### Provided material
○ ○ ○ ○ ○ ○ ○
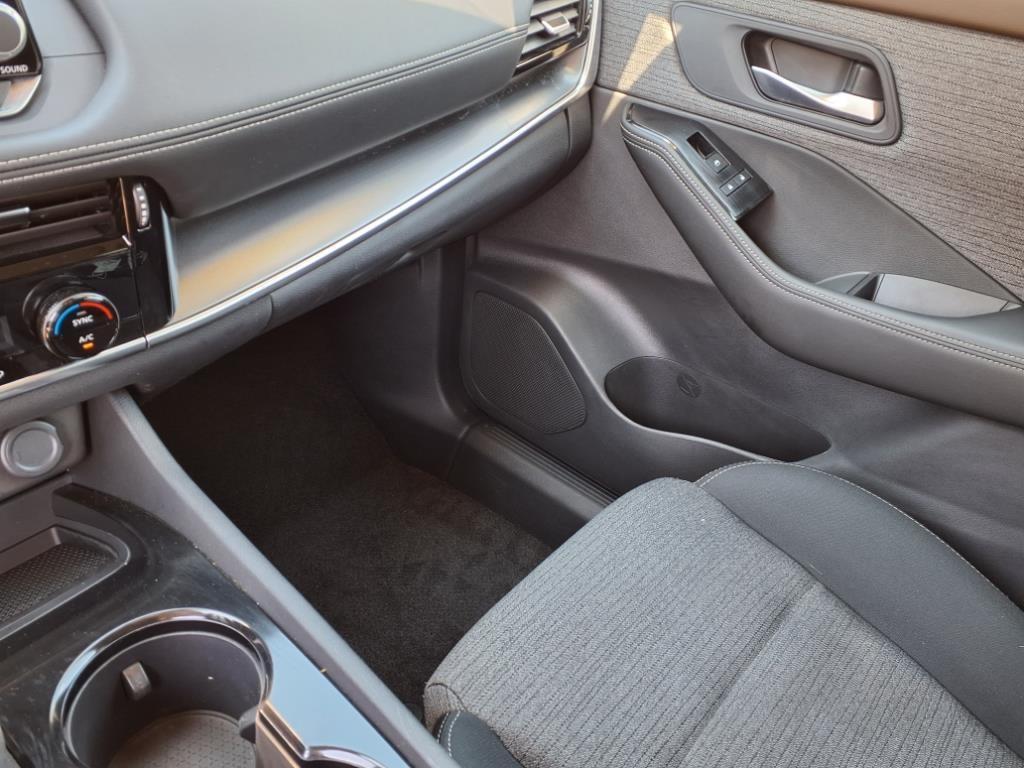 used 2022 Nissan Rogue car, priced at $24,989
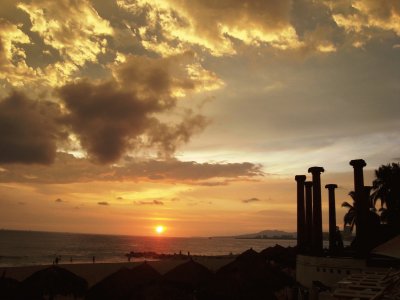 Puesta de sol en Puerto Vallarta.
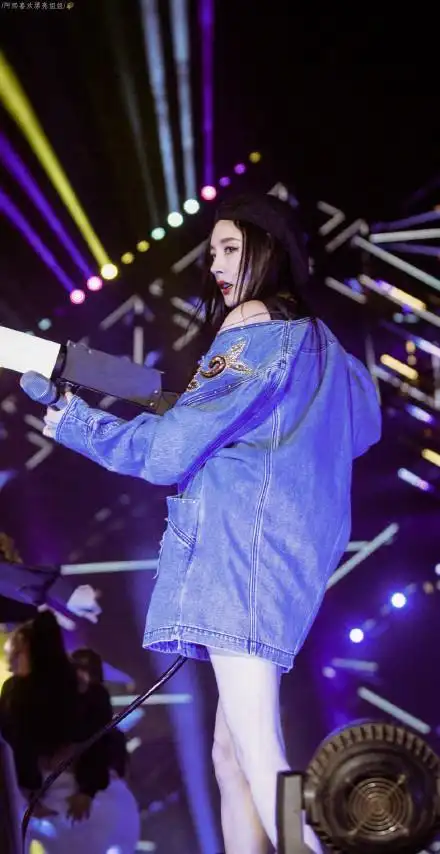 33岁杨幂撞上60岁腾格尔!首次合作野狼disco现场高能惊呆众人?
○ ○ ○ ○ ○ ○ ○
### What you should do
Start to finish, write out the data above exactly, omitting all pictures.

### Your solution
 used 2022 Nissan Rogue car, priced at $24,989
 Puesta de sol en Puerto Vallarta.
 33岁杨幂撞上60岁腾格尔!首次合作野狼disco现场高能惊呆众人?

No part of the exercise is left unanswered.